PROMPT »
Your answer should consist of every line from the records that holds the string "Photo".

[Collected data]
···
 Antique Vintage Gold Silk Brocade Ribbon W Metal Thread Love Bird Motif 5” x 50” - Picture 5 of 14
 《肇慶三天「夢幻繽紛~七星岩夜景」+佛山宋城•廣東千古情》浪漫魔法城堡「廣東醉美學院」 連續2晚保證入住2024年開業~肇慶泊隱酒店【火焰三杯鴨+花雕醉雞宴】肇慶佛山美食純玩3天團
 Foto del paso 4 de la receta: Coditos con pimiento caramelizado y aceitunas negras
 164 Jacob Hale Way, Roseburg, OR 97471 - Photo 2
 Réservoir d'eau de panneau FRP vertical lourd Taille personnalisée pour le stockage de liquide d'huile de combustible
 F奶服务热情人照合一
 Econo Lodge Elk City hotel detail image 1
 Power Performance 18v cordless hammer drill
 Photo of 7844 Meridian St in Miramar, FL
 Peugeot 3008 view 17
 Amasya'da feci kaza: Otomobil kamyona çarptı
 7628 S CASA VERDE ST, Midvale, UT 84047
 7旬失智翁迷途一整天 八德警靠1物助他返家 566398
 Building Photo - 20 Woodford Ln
···
ANSWER »
 164 Jacob Hale Way, Roseburg, OR 97471 - Photo 2
 Photo of 7844 Meridian St in Miramar, FL
 Building Photo - 20 Woodford Ln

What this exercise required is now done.